Malignant hyperthermia presents with an initial rise in the end-tidal partial pressure of carbon dioxide (PCO2) during anesthesia, muscle rigidity, increased body temperature, altered consciousness, and autonomic instability. Rhabdomyolysis occurs, leading to myoglobinuric renal failure.

In patients developing malignant hyperthermia, the culprit anesthetics should be stopped and alternative anesthetics not associated with malignant hyperthermia should be used instead, ventilatory support and oxygenation should be optimized, intravenous fluids should be increased, and physical measures to reduce the temperature should be attempted. Dantrolene is a specific treatment that blocks release of calcium from the sarcoplasmic reticulum and should be administered early on.

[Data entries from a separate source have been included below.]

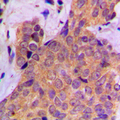 CTTN / Cortactin Antibody - Immunohistochemical analysis of Cortactin (pY421) staining in human breast cancer formalin fixed paraffin embedded tissue section. The section was pre-treated using heat mediated antigen retrieval with sodium citrate buffer (pH 6.0). The section was then incubated with the antibody at room temperature and detected using an HRP conjugated compact polymer system. DAB was used as the chromogen. The section was then counterstained with hematoxylin and mounted with DPX.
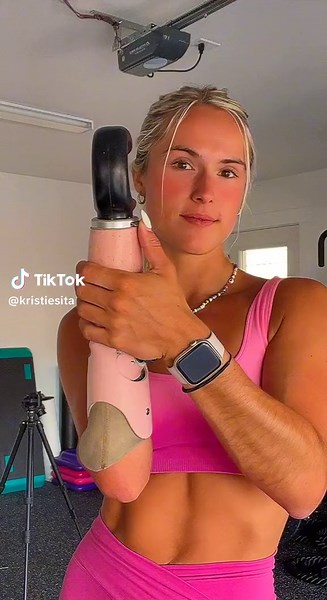 cut loose and take off an arm with me #amputee #amputation #prosthetic #fyp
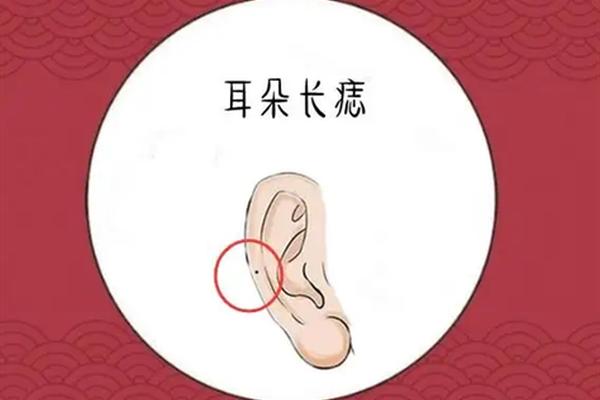 男孩耳痣相 男孩耳朵上有痣好吗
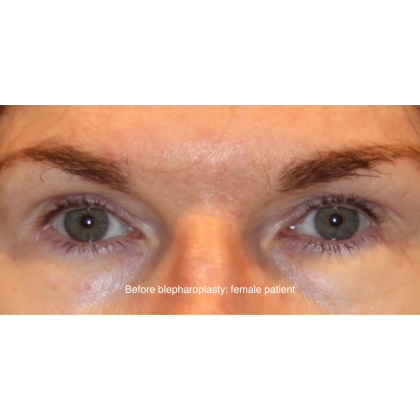 Blepharoplasty Before & After Patient #13435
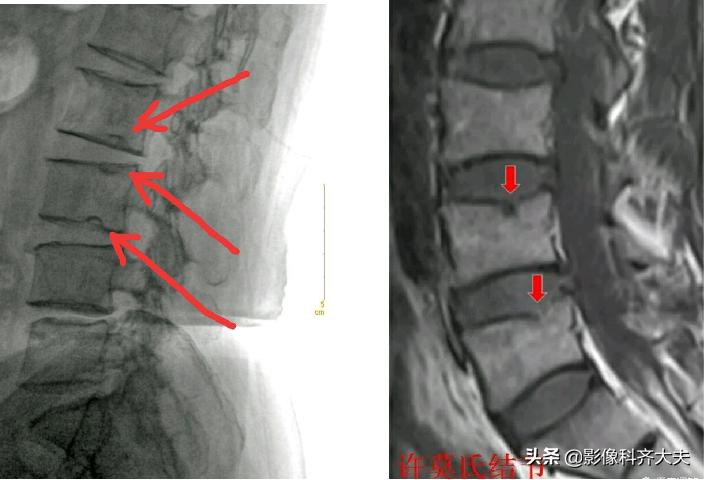 腰椎间盘突出最好的影像诊断方法,腰椎间盘突出的影像学检查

This patient does not have a history of being on antipsychotics or serotonin reuptake inhibitors. These are related to neuroleptic malignant syndrome (NMS) and serotonin syndrome, respectively. NMS is similar to malignant hyperthermia and is characterized by increased body temperature, muscle rigidity, altered mental status, and autonomic instability. It is induced by antipsychotics, but other drugs that inhibit dopaminergic transmission may also be implicated. Management includes discontinuation of the antipsychotic and use of Dantrolene and bromocriptine. The latter plays no role in the management of malignant hyperthermia.

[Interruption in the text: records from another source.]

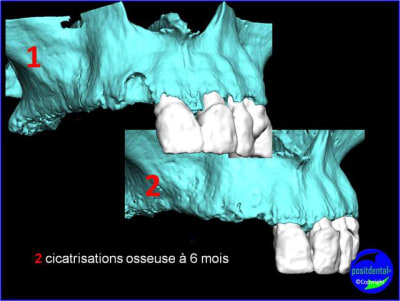 Cicatrisations osseuse   6 mois s8gen4 - Eugenol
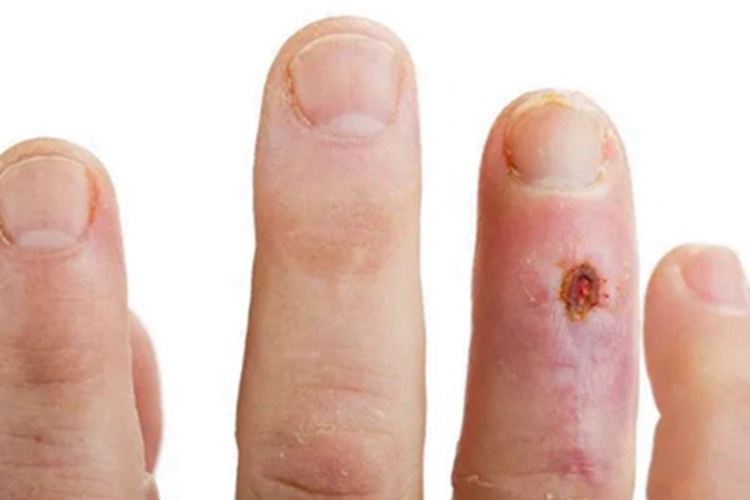 蜂窝织炎手指发红图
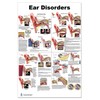Blue Tree Publishing Ear Disorders Poster 24x36inch, Otitis and Other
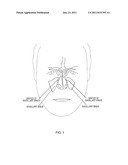 DEVICE AND METHOD FOR DELIVERING THERAPEUTIC SUBSTANCES TO THE MAXILLARY     SINUS OF A PATIENT diagram and image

Serotonin syndrome starts abruptly and is characterized by mental status changes, hyperthermia, autonomic hyperactivity, hyperkinesis, hyperactive deep tendon reflexes, clonus, and muscle rigidity. The treatment is supportive, along with benzodiazepines and discontinuation of the causative drug.

 Ropper AH, Samuels MA. Adams and Victor’s Principles of Neurology. 9th ed. New York, NY: McGraw-Hill; 2009.

 Suarez JI. Critical Care Neurology and Neurosurgery, 1st ed. Totowa, NJ: Humana Press; 2004.